__Prompt__
Leaving the pictures aside, reproduce the data in full and word for word.

__Supplied data__
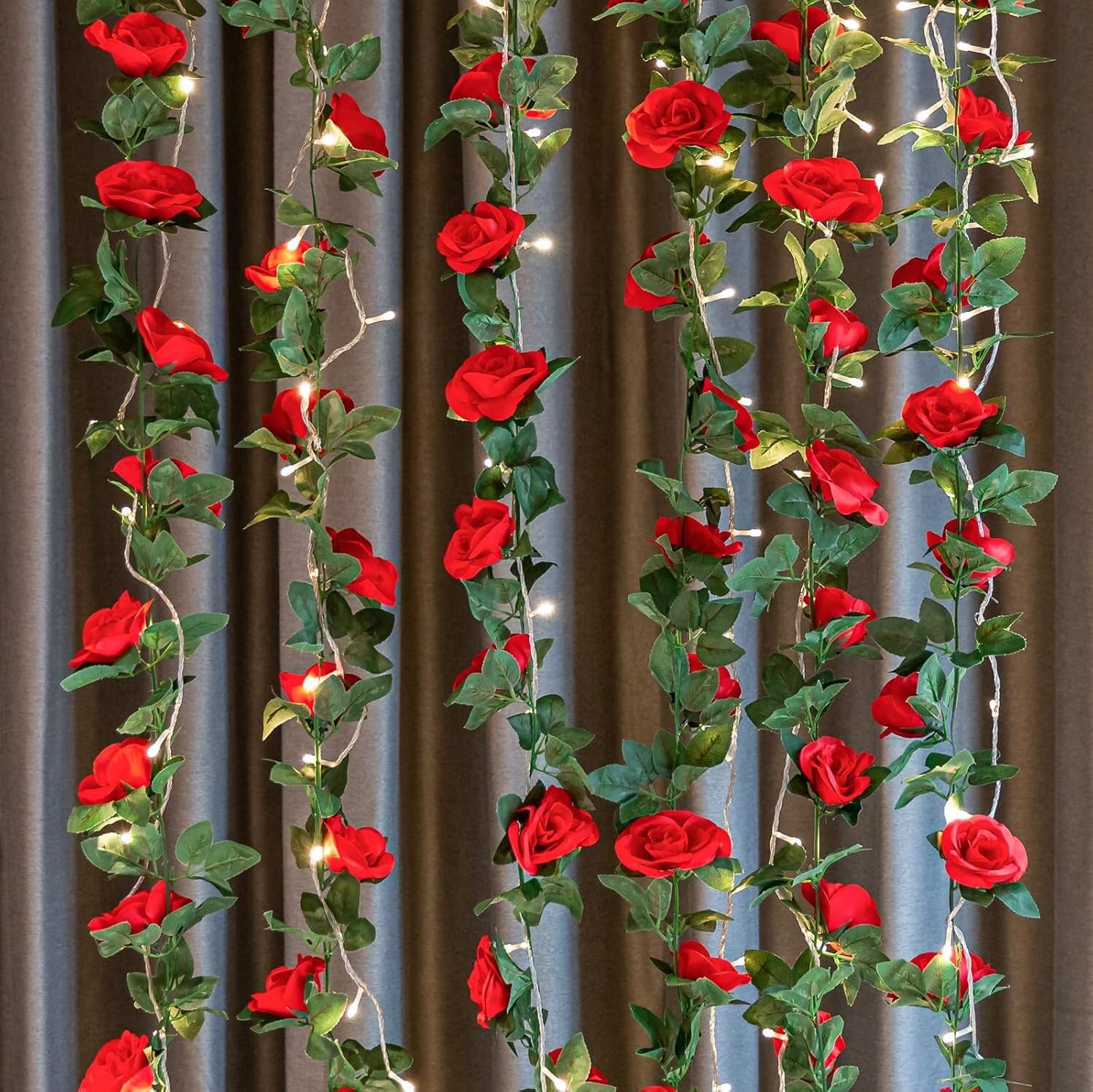 SWSTINLING 2 Pack 16FT Artificial Silk Rose Garland Vine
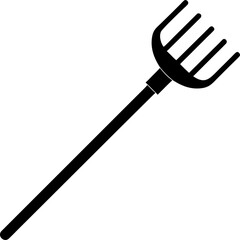 Leaf Rake Gardening Tool Black Silhouette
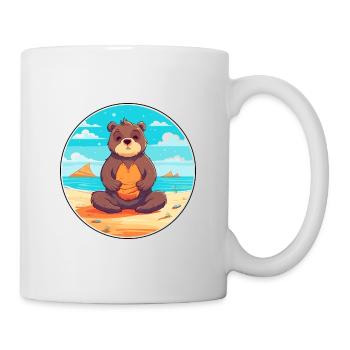 Bär Cartoon Yoga Strand Sommer Illustration - Tasse - Weiß - Rechts
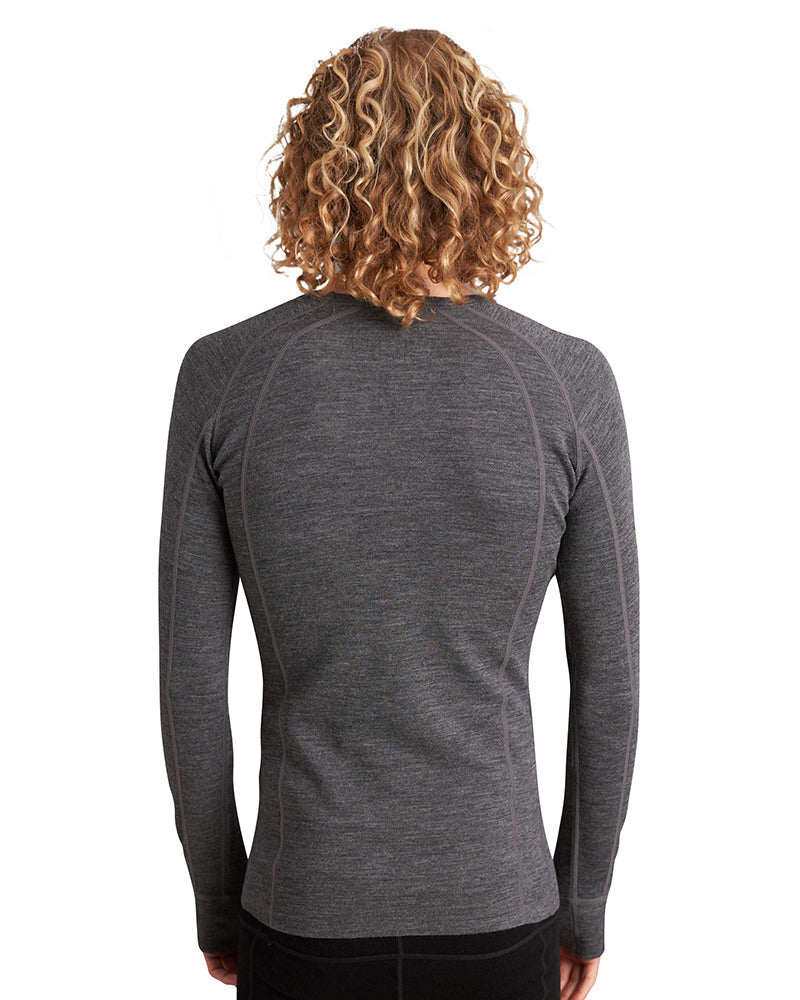 XTM Merino Mens Wool Thermal Top Mid Grey Marle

__Output__
 SWSTINLING 2 Pack 16FT Artificial Silk Rose Garland Vine
 Leaf Rake Gardening Tool Black Silhouette
 Bär Cartoon Yoga Strand Sommer Illustration - Tasse - Weiß - Rechts
 XTM Merino Mens Wool Thermal Top Mid Grey Marle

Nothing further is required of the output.